As vivid an imagination as Madison had, which was nothing short of a mental film, she couldn't quite guess what Parker's reaction would be. As loving as he seemed towards his wife, he was reserved, at least around
Madison. He didn't just come off to her as a man with many words, would he be in shock? Would he reassure Lauren that everything would be fine and that she was probably overreacting? Would he panic? Or would he curse at Madison the whole ride back to their apartment?
Madison squeezed her eyes shut. She shook her head, and when she opened it, she wasn't alone. Before her stood a face that was just as familiar as it was unique. She knew the man before her as much as she'd known her college professors, physically with only a glimmer into their personal lives. She'd heard about the man towering over her from gossip in Panera Bread the chic cafe in the village.
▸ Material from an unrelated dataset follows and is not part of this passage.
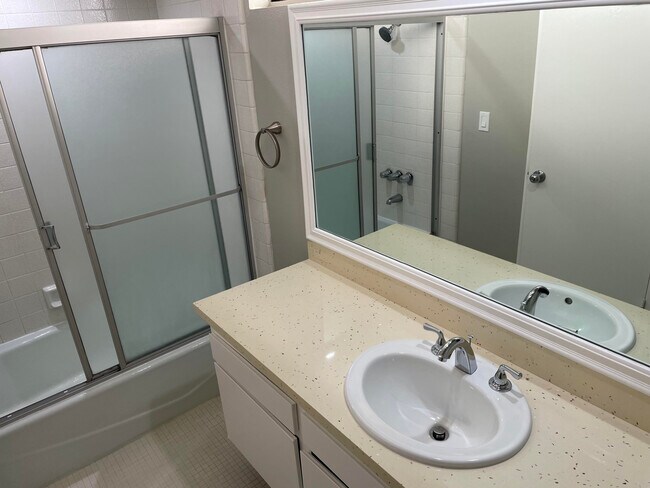 Building Photo - 4416 Fulton Ave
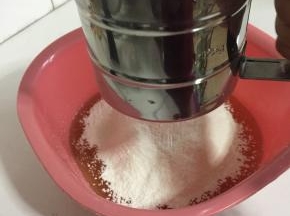 月饼预拌粉过筛加入容器中！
The tight space filled with the bustle of eager employees and idle listening ears wasn't particularly the most suitable place to air dirty laundry, and yet, many of her neighbours seemed to find a way.
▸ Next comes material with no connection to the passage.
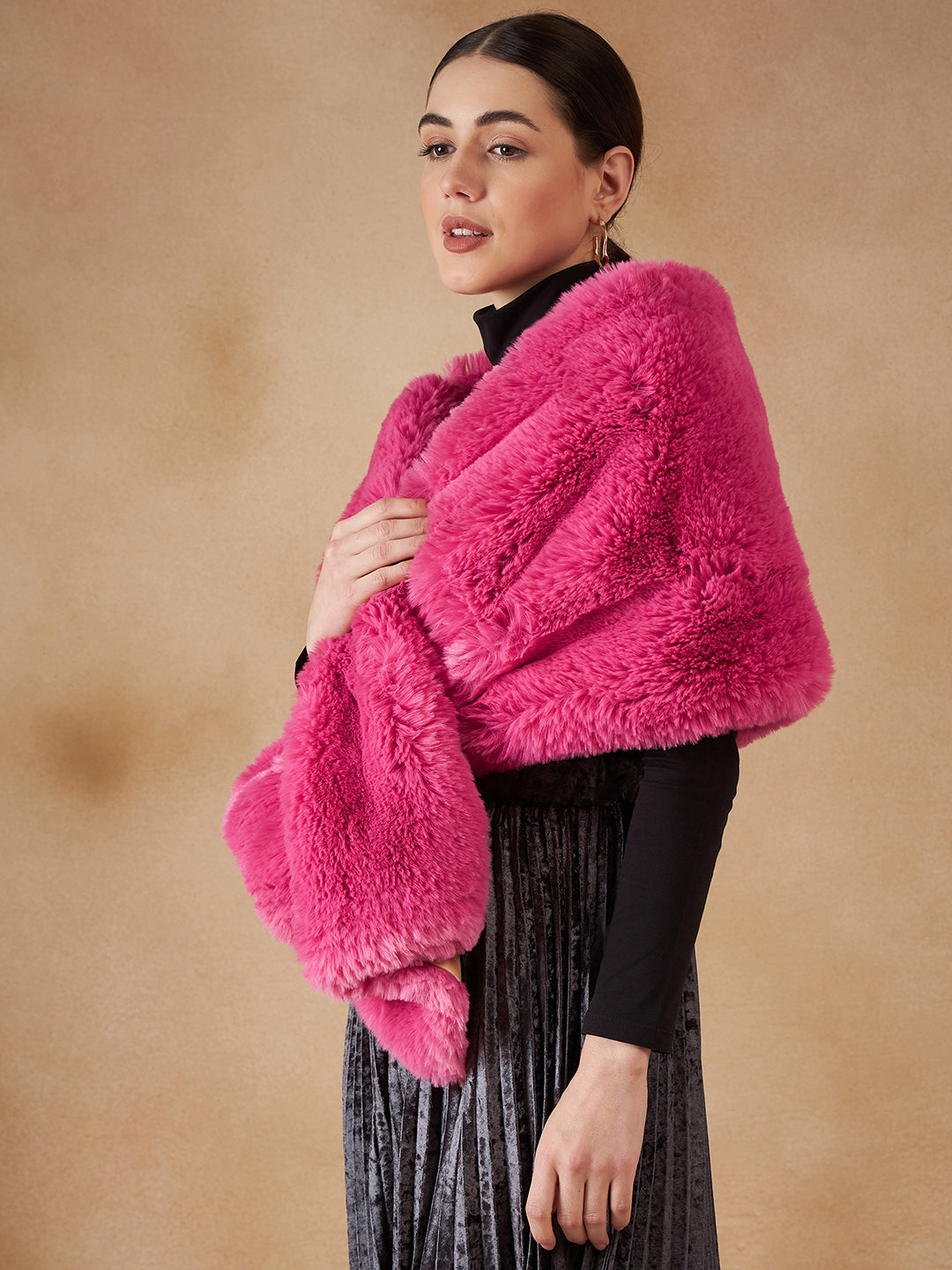 InWeave Women's Light Pink Long Faux Fur Cape 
Adam Walker looked to her like he'd escaped a James-Bond movie. He was toned in a way that gave his bright skin a more solid form, and had an expression that had goosebumps running down her arms. She could only describe it as a smouldering look. He also had these eyes, they seemed like they'd seen death, but she wasn't sure. She was relieved, not entirely. But he was a familiar face she could count on, and absurdly, he was her rabbit’s foot. He cleared his throat. "These Pussies aren't going to get to the bottom of this." His words were a whisper in the wind, as if only intended for Madison's ears. His accent wasn't hard to pick-up on; he was southern, but not completely. His accent hinted a Pacific Northwest pitch. "They've had ten weeks; these boys are still going missing." He continued. Madison listened intently. She was shaken-up, agitated that the so-called search crew that Todd had mentioned were yet to arrive. Maybe to them, this was different from the murder of the ten ten-year-old boys, but to her, it the same, she could just feel it, and it scared her to hell and back. This was valuable time that could have been directed into doing something, anything rather than just waiting. The officers on the scene weren't many, but they had neighbours, they could have started a search team, they could have covered some ground within this time. "I assume you got in touch with the Daniels?" Madison nodded. They would be here, she didn't know when, but she would face them. "I can't exactly tell whether or not something had been snatched along with the boy, but further inquiry into the family’s inventory should shed some light." He talked with a calm Madison envied. At least until he uttered; "I know something," Adam trailed off.